Tra questi, i primi nuclei del futuro Isis, frutto diretto della «sacrasonta», per Gentiloni, cacciata di Gheddafi — che, dopo aver contribuito a rovesciare il Colonnello libico, sono passati in Siria per rovesciare Assad.
Una domanda: ma se è sacrosanto l’abbattimento di Gheddafi perché non dovrebbe essere altrettanto «sacrosanto» l’Isis che è stato il prevedibile effetto collaterale di quella guerra voluta a tutti i costi dalla Nato?
Qui in Libia, a Bengasi l’11 settembre 2012, le milizie jihadiste si sono ribellate agli alleati e istruttori Usa assaltando il consolato americano e uccidendo l’ambasciatore Chris Stevens. Uno smacco per gli Usa. Si dimise il capo della Cia Petraeus e uscì di scena il segretario di Stato Hillary Clinton (è la spina nel fianco della sua candidatura presidenziale).
E in Siria, nel 2013, è nato l’Isis che ha ricevuto finanziamenti, armi e vie di transito dai più stretti alleati degli Usa (Arabia Saudita, Qatar, Kuwait, Turchia, Giordania) in un piano coordinato da Washington (in barba al «disimpegno occidentale» di cui parla Lerner), lanciando poi l’offensiva in Iraq.
Ma a quanto pare per l’Italia è come se questo disastro non fosse mai accaduto. È la stessa Italia che ha contribuito ad appiccare «l’incendio» di cui parla Lerner, scaturito dalla demolizione dello Stato libico e dal tentativo, non riuscito, di demolire quello siriano in base agli interessi strategici degli Usa e delle maggiori potenze europee, provocando centinaia di migliaia di vittime (per la maggior parte civili) e milioni di profughi.

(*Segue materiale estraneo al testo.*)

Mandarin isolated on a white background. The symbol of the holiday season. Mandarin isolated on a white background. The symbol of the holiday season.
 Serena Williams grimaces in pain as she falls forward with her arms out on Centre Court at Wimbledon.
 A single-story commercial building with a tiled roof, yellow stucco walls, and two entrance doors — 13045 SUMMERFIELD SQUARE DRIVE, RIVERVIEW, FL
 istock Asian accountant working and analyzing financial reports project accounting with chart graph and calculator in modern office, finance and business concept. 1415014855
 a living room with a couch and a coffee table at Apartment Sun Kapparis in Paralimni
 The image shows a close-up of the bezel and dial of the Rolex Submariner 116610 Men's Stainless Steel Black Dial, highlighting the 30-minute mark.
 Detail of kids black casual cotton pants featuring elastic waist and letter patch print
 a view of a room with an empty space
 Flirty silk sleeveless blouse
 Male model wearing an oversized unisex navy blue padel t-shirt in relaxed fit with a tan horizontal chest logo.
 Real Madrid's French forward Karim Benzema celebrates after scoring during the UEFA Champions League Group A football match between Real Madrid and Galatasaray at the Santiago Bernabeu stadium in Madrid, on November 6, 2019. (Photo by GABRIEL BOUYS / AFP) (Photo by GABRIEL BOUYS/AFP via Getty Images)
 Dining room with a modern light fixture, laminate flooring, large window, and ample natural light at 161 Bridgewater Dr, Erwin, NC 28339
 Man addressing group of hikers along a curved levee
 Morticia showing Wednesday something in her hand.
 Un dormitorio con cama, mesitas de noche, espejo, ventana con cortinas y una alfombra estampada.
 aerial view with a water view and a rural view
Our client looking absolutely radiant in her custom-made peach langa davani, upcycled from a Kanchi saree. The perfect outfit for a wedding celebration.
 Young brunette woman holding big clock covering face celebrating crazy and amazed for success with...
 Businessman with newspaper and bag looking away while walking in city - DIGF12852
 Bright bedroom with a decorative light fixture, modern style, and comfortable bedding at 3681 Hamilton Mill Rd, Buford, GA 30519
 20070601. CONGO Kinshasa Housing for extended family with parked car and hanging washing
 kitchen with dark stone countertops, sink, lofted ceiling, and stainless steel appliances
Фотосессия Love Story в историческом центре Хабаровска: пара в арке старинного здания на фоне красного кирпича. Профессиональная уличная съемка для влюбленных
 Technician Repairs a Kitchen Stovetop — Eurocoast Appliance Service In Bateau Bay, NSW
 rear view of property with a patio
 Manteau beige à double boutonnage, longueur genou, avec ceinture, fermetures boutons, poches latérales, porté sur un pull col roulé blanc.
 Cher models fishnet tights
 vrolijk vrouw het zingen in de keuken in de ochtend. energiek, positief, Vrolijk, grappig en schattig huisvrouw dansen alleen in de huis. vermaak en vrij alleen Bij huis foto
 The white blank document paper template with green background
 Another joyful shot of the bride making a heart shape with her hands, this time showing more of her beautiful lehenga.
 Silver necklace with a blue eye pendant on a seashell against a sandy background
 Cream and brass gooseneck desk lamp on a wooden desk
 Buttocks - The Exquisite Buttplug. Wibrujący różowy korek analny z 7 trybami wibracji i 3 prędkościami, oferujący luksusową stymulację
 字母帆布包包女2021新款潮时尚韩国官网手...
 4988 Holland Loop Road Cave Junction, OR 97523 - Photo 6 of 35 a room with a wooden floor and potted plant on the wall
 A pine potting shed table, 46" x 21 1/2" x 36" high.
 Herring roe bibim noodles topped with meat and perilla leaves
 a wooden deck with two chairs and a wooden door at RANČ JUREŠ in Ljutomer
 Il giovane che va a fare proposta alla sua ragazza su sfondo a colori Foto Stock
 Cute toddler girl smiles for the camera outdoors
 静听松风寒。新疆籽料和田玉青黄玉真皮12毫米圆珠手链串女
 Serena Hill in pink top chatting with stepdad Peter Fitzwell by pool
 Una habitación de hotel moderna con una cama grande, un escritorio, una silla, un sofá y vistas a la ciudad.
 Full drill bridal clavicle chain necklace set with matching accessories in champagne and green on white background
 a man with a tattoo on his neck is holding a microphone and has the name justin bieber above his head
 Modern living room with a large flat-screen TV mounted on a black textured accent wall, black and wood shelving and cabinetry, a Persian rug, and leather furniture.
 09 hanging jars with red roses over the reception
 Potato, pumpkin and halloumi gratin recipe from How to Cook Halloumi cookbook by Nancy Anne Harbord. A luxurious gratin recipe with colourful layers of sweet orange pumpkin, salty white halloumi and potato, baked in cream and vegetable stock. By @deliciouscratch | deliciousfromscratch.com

La battuta non-sense di Gentiloni che gli Usa sono «strategicamente meno interessati di noi alle sorti del Medio Oriente» è un penoso tentativo di nascondere la realtà.
Il lancio in Libia di una operazione di «peacekeeping» (ossia di guerra, visto il caos militare libico), con l’Italia in prima fila, rientra nei piani di Washington che, non volendo impegnare truppe Usa in una operazione terrestre in Nordafrica (che nella strategia Usa è considerato un tutt’uno col Medio Oriente), cerca alleati disponibili a farlo e a pagarne costi e rischi.
Già nel giugno 2013, nell’incontro col premier Letta al G8, il presidente Obama chiese «una mano all’Italia per risolvere le tensioni in Libia». E Letta, da scolaro modello, portò il compito già fatto: «Un piano italiano per la Libia».
Quello che il premier Renzi ha copiato e ora ripropone per bocca del sacrosanto Gentiloni, promosso a ministro degli esteri anche per i meriti acquisiti quale presidente della sezione Italia-Stati Uniti dell’Unione Interparlamentare.